In equity markets, defence stocks were down, with Melrose Industries, Babcock, BAE Systems and Rolls-Royce all weaker.
Joshua Mahony at Scope Markets said progress towards a ceasefire in Gaza eased geopolitical risk premiums, reducing demand for the sector that had been buoyed by the conflict.
Building products manufacturer Ibstock slumped as it reported weaker-than-expected demand in its core construction markets during the third quarter amid a "more uncertain near-term backdrop".
Ibstock said both clay and concrete revenues were impacted, with second-half sales volumes and adjusted underlying earnings now anticipated to match the first half due to softer market conditions.
Breedon also fell.
Aviva was in the red after a downgrade to 'underperform' at KBW.

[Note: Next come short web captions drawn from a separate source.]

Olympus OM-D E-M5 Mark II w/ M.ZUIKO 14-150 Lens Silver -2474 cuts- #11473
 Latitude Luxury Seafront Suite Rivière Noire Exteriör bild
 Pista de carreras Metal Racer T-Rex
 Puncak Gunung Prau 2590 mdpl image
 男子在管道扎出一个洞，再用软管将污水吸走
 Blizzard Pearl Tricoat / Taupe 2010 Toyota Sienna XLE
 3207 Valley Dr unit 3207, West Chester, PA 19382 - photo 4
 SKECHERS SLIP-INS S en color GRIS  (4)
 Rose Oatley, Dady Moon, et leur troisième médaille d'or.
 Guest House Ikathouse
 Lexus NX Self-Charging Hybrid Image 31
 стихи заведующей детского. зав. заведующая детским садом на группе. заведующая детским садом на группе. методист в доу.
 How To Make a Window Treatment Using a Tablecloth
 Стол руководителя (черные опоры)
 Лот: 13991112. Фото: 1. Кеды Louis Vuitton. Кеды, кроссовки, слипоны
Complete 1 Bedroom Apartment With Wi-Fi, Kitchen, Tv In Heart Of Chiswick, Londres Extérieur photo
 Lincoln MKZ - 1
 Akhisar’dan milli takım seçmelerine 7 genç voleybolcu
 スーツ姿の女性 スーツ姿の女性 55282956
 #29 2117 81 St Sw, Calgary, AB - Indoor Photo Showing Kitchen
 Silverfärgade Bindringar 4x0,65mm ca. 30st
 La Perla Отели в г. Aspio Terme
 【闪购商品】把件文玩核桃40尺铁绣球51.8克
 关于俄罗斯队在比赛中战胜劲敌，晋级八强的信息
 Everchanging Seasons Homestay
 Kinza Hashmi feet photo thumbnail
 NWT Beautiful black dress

On the upside, Sage Group rallied after Citi placed the shares on 'positive catalyst watch' into full-year results in November, saying it expects a better-than-feared update.
Recruitment firm Hays nudged higher after saying it experienced the typical recovery in post-summer activity in its first quarter, but expects ongoing macroeconomic uncertainty to weigh on its performance over the remainder of the year.
Like-for-like net fees declined by 8% year-on-year over the three months to 30 September, with a 5% decrease in temp and contracting fees met with a 13% drop in the permanent side of the business.
Russ Mould, investment director at AJ Bell, said: "So much bad news was already in the price and there were morsels of good news buried in the statement.
"Chief executive Dirk Hahn appears to be keeping his chin up and the implied message of 'we'll get through this and prosper later on' appears to have been duly noted by the market."